··· RECORD EXTRACTS ···

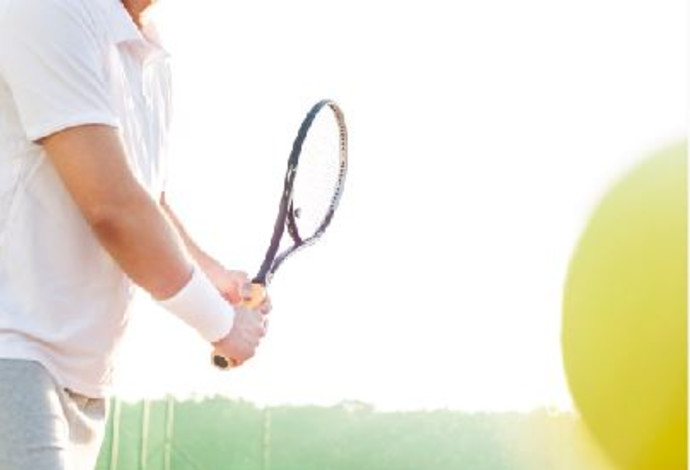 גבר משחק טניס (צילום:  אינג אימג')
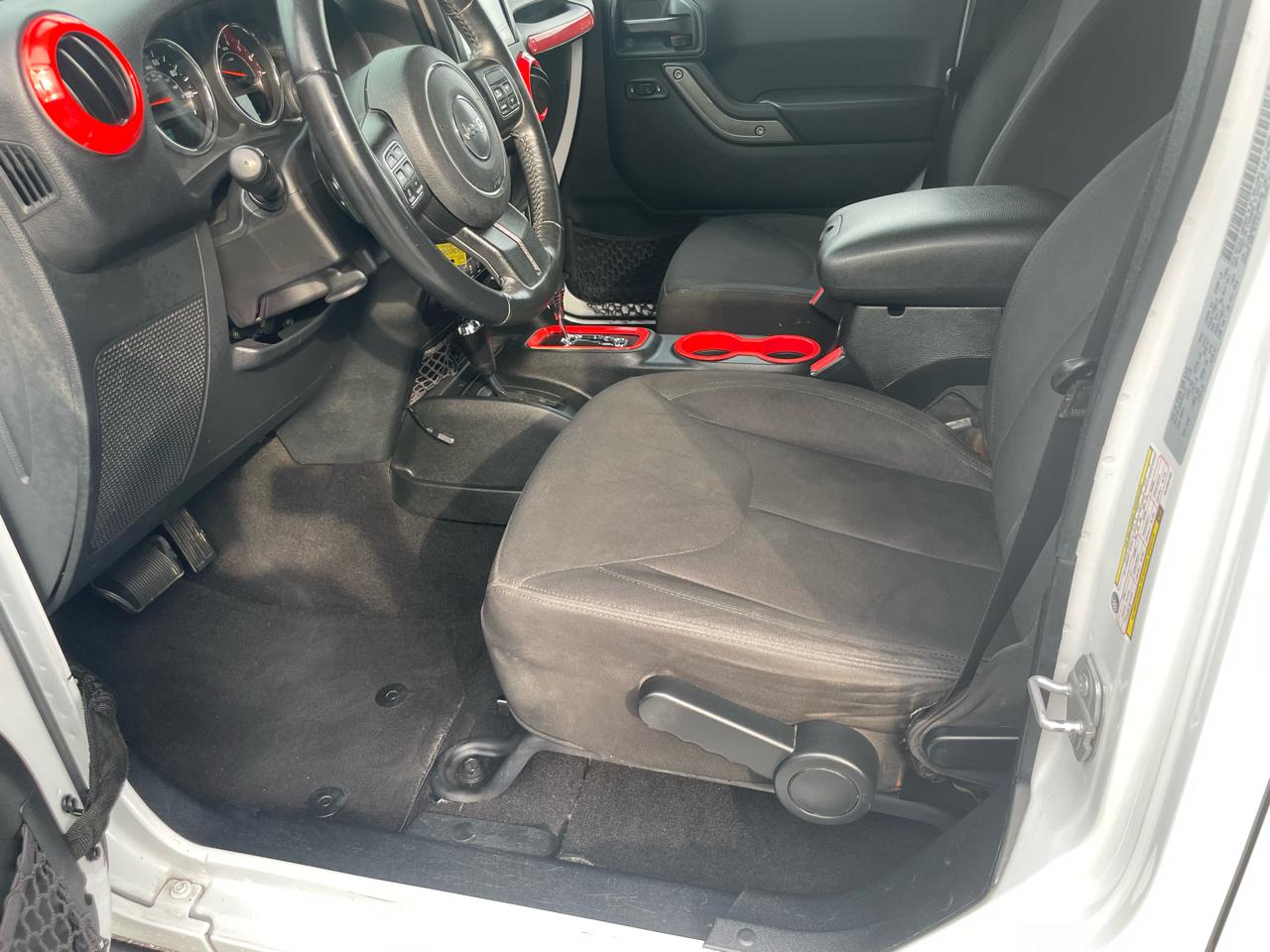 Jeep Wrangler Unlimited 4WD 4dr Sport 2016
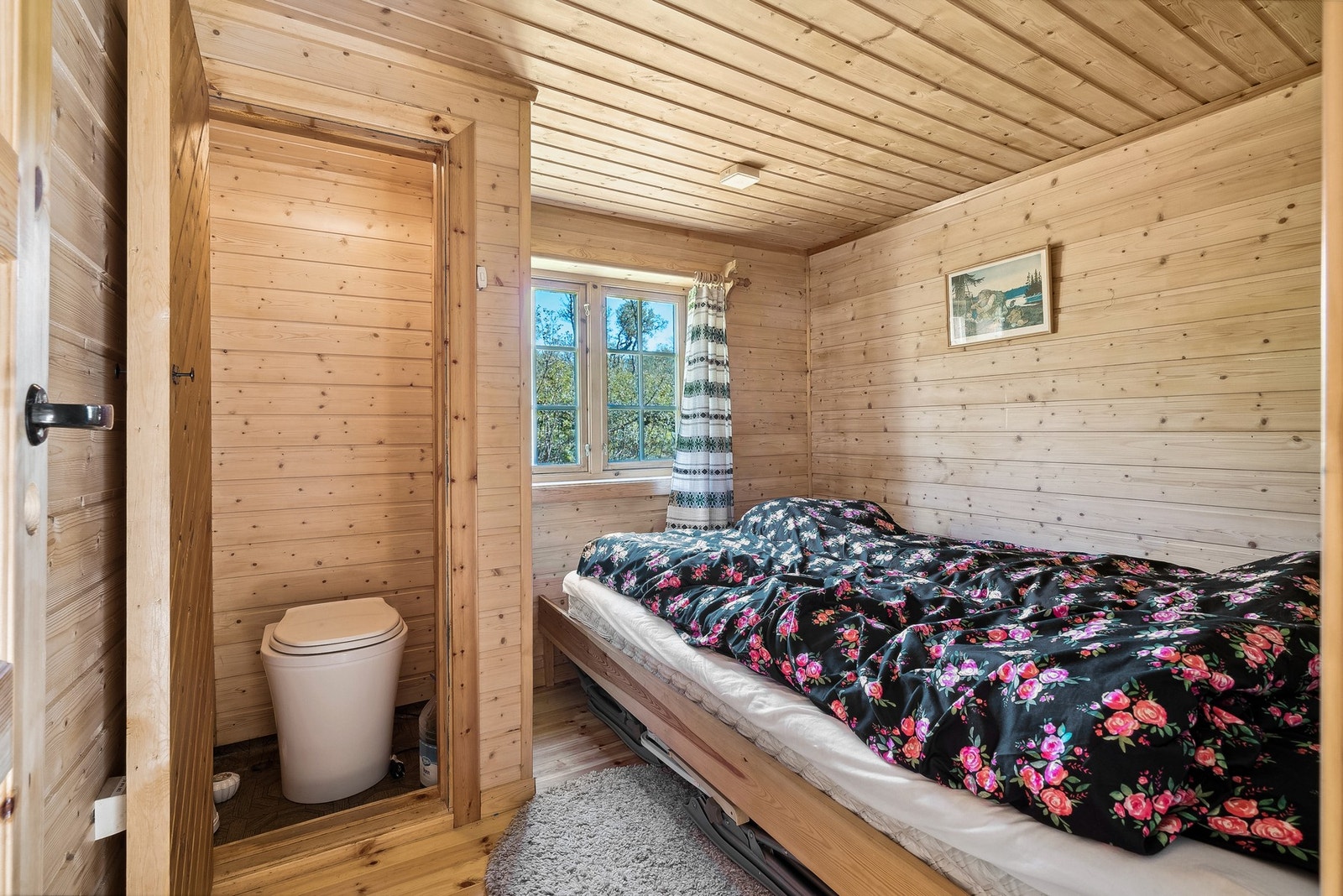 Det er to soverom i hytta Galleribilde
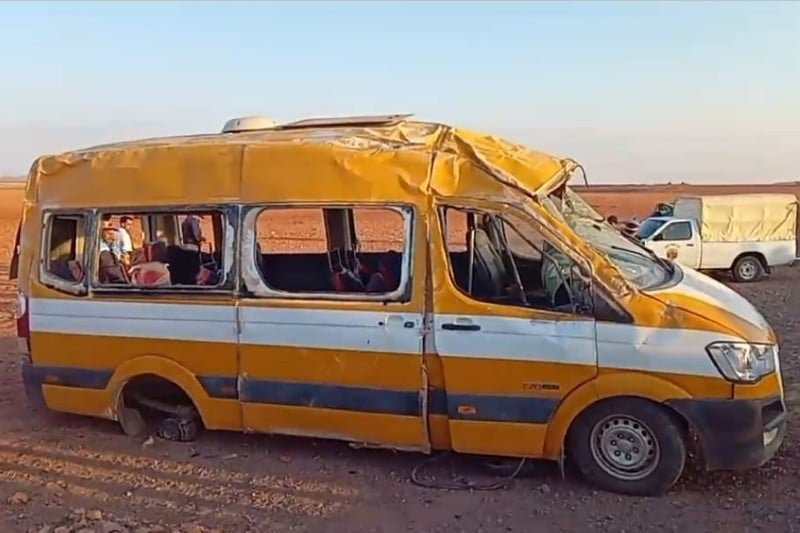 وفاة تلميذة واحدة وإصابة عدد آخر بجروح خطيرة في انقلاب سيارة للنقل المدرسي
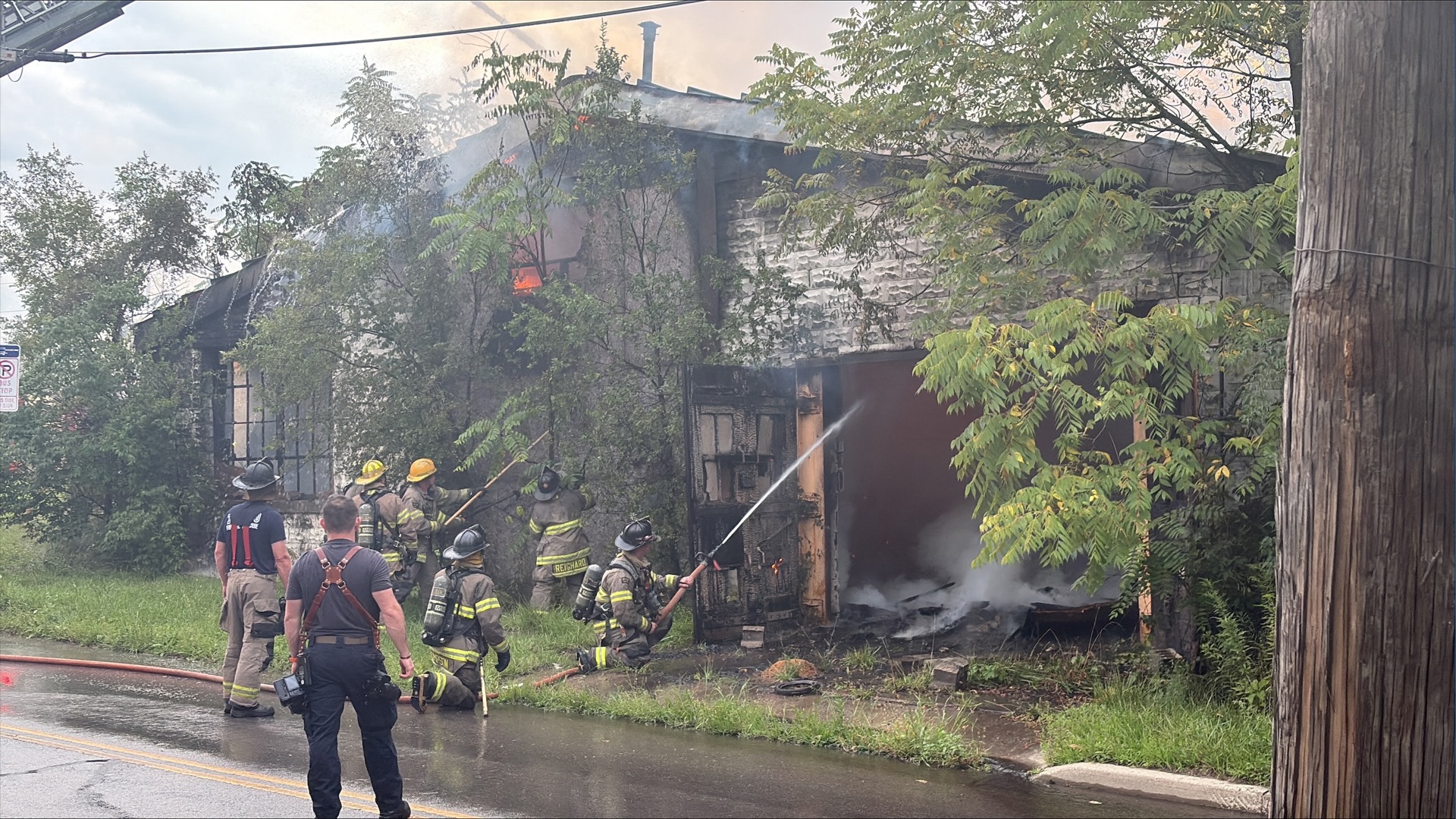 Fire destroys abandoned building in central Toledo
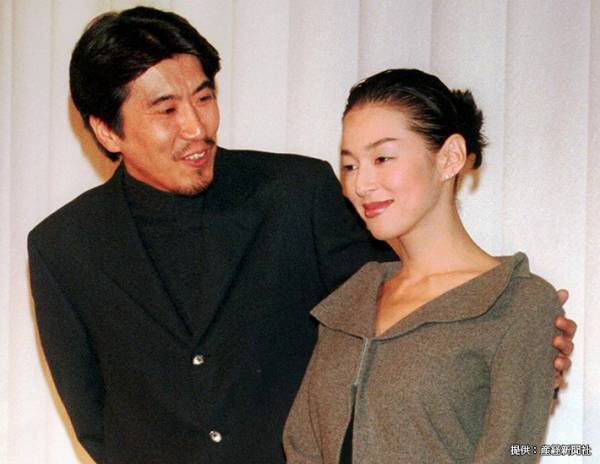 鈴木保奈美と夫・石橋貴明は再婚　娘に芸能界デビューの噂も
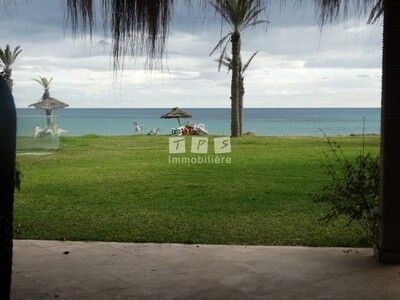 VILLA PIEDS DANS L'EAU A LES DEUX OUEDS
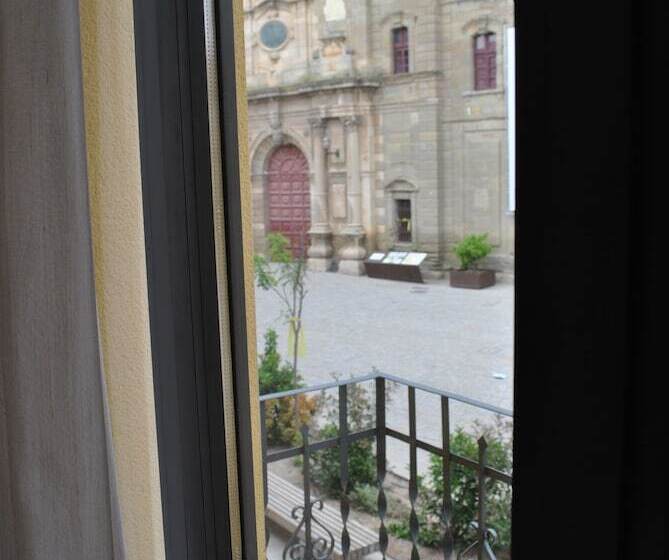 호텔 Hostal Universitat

···

§ **WHAT YOU HAVE TO DO**:
Pictures excluded, output exactly the line that contains "Jeep Wrangler Unlimited 4WD 4dr Sport 2016" and every line after it to the end of the data above.

§ **EXERCISE ANSWER**:
 Jeep Wrangler Unlimited 4WD 4dr Sport 2016
 Det er to soverom i hytta Galleribilde
 وفاة تلميذة واحدة وإصابة عدد آخر بجروح خطيرة في انقلاب سيارة للنقل المدرسي
 Fire destroys abandoned building in central Toledo
 鈴木保奈美と夫・石橋貴明は再婚　娘に芸能界デビューの噂も
 VILLA PIEDS DANS L'EAU A LES DEUX OUEDS
 호텔 Hostal Universitat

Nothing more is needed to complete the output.